It appears that you don't have the port specified on your SERVER connection settings, this effected me a little bit when I was trying to connect to my SMTP server that isn't using the default port: 25.
According to the smtplib.SMTP docs, your ehlo or helo request/response should automatically be taken care of, so you shouldn't have to worry about this (but might be something to confirm if all else fails).

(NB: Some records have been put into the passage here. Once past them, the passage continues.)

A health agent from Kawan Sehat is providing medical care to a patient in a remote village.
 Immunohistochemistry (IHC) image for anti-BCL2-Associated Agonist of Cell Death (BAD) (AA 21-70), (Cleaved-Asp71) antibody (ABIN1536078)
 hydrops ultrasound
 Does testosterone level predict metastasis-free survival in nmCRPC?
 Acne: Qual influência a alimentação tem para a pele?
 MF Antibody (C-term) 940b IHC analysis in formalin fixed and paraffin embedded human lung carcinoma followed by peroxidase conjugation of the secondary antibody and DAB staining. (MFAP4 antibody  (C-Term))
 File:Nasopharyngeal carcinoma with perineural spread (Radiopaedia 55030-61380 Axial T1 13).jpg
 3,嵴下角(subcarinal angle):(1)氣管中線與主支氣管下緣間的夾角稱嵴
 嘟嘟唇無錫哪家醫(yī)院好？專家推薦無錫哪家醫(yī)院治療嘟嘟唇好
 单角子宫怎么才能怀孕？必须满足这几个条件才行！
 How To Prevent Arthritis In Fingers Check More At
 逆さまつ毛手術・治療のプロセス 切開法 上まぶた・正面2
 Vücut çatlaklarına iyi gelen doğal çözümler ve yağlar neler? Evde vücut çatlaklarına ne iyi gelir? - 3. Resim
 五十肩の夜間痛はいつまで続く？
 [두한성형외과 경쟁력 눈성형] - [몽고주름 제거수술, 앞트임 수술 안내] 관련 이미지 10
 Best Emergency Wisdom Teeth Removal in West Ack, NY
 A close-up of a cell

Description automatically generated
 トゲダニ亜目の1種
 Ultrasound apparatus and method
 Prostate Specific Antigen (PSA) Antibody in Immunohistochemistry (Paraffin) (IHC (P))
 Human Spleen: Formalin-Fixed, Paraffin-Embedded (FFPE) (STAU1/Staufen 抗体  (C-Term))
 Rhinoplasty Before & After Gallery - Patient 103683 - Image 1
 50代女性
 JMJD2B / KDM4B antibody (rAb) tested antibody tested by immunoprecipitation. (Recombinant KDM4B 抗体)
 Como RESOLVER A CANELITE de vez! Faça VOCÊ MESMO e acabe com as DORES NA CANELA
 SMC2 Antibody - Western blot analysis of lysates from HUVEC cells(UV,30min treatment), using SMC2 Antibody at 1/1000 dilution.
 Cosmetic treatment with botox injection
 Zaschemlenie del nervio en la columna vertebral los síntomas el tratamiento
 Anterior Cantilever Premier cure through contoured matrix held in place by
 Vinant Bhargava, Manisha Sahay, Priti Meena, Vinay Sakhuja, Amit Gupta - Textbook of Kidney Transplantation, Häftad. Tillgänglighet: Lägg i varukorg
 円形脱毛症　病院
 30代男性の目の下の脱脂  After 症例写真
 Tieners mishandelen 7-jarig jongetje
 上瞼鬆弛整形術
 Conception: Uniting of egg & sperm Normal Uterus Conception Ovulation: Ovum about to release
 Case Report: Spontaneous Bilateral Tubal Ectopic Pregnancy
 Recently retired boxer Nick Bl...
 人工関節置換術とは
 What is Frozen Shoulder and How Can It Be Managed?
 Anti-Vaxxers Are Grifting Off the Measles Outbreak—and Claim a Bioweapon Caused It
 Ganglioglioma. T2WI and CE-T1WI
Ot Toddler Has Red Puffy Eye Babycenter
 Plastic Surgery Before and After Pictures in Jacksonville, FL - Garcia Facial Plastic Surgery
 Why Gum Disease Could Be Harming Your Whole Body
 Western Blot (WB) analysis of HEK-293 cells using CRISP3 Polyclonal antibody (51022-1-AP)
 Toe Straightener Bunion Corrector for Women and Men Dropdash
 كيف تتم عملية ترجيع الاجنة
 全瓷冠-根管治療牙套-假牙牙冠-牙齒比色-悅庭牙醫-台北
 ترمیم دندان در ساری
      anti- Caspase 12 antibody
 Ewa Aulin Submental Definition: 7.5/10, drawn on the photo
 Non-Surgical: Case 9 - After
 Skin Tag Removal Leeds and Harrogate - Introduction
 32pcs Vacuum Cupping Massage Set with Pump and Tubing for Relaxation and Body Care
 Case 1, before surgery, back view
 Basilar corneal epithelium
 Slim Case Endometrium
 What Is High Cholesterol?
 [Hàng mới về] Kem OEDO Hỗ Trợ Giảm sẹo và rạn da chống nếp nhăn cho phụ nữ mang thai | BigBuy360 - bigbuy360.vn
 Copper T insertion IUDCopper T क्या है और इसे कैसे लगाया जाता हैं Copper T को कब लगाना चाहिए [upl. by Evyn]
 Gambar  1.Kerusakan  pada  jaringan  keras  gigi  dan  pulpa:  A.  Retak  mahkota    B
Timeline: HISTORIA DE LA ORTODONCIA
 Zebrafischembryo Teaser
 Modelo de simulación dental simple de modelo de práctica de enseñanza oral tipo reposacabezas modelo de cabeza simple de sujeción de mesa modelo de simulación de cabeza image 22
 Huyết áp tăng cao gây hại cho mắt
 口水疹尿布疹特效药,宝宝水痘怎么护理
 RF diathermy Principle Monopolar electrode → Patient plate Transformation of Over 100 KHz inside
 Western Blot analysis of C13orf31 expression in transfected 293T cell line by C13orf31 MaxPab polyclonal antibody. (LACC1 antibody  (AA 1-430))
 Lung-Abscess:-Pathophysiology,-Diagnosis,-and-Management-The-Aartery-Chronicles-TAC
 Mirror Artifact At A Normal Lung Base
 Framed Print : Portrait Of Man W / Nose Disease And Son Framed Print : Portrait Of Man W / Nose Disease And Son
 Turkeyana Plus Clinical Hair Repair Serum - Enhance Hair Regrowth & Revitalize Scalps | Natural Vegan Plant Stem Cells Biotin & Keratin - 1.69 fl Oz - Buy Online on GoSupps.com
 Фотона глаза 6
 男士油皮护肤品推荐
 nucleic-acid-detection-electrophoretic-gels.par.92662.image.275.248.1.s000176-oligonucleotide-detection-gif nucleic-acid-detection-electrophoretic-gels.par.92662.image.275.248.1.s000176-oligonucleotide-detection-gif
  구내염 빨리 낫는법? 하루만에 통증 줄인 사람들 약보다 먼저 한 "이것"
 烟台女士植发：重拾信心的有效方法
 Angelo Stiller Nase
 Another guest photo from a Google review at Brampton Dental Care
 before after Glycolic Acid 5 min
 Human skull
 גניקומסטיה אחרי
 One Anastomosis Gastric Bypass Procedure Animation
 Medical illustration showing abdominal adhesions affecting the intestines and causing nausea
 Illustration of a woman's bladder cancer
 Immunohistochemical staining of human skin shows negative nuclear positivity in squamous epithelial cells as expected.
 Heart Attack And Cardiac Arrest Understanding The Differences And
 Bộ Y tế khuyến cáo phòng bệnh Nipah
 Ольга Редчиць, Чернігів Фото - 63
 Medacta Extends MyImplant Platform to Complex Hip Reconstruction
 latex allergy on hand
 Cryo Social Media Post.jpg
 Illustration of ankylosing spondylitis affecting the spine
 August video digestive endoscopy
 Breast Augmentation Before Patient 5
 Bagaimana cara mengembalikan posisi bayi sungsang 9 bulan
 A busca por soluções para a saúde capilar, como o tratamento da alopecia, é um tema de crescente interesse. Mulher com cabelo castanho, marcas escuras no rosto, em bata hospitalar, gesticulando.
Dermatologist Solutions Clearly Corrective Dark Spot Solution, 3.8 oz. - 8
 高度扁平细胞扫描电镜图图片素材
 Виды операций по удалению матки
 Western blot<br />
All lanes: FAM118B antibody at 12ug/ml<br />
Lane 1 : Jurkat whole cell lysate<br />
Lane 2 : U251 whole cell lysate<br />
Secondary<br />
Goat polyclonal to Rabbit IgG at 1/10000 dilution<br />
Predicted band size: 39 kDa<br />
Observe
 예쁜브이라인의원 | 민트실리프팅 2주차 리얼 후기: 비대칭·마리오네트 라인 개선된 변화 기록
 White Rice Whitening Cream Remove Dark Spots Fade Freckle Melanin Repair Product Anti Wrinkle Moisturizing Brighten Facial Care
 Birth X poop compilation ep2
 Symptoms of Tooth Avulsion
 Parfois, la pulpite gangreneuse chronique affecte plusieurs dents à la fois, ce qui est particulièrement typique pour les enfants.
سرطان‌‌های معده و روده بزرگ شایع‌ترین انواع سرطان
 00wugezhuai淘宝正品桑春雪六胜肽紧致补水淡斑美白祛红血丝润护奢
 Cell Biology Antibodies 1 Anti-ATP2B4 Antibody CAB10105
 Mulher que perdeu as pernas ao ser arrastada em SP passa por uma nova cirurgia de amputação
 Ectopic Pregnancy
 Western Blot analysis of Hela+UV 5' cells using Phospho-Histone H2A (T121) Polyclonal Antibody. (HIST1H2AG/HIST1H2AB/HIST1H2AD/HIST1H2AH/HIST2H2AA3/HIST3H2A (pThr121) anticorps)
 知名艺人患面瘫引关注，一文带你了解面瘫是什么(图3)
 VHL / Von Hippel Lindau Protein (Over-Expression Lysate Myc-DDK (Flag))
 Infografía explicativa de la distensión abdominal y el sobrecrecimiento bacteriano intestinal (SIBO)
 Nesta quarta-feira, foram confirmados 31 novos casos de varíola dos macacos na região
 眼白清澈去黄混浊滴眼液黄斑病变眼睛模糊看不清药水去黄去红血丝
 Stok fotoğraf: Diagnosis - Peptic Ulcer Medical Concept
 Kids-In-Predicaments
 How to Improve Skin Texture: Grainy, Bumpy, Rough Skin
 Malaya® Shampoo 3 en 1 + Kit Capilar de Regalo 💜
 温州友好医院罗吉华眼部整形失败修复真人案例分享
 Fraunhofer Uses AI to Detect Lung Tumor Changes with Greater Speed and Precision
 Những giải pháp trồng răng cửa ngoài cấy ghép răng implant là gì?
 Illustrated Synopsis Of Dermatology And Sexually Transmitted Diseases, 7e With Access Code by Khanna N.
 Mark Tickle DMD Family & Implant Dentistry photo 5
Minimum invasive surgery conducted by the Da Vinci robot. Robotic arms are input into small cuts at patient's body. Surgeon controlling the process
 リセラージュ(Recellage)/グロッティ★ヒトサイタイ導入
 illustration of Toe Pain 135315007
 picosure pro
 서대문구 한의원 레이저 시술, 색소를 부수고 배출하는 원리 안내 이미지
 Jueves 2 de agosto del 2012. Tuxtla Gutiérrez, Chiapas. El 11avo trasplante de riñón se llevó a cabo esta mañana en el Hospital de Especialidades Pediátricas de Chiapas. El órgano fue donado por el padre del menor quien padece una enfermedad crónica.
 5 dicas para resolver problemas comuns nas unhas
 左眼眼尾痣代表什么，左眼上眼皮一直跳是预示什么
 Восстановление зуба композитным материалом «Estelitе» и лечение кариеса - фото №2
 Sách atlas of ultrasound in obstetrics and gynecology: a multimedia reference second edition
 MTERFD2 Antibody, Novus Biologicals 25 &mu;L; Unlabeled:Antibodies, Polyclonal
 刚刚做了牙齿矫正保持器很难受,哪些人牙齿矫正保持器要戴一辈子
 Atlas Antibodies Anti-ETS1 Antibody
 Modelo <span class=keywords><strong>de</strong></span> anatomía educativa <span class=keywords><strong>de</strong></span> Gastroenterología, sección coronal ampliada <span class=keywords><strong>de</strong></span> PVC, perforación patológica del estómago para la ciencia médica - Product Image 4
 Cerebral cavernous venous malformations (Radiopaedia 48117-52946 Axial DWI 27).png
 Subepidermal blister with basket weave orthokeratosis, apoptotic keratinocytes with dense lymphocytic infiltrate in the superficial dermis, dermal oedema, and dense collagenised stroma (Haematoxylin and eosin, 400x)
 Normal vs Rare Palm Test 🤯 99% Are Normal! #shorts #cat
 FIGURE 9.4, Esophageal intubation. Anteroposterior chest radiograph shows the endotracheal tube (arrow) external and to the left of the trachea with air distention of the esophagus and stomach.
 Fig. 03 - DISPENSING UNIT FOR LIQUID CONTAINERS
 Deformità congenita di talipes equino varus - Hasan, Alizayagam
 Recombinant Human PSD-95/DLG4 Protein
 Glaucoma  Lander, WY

Another thing to ask yourself is have you allowed SMTP connections on your SMTP server itself? For some sites like GMAIL and ZOHO you have to actually go in and activate the IMAP connections within the email account. Your mail server might not allow SMTP connections that don't come from 'localhost' perhaps? Something to look into.
The final thing is you might want to try and initiate the connection on TLS. Most servers now require this type of authentication.
You'll see I've jammed two TO fields into my email. The msg['TO'] and msg['FROM'] msg dictionary items allows the correct information to show up in the headers of the email itself, which one sees on the receiving end of the email in the To/From fields (you might even be able to add a Reply To field in here. The TO and FROM fields themselves are what the server requires. I know I've heard of some email servers rejecting emails if they don't have the proper email headers in place.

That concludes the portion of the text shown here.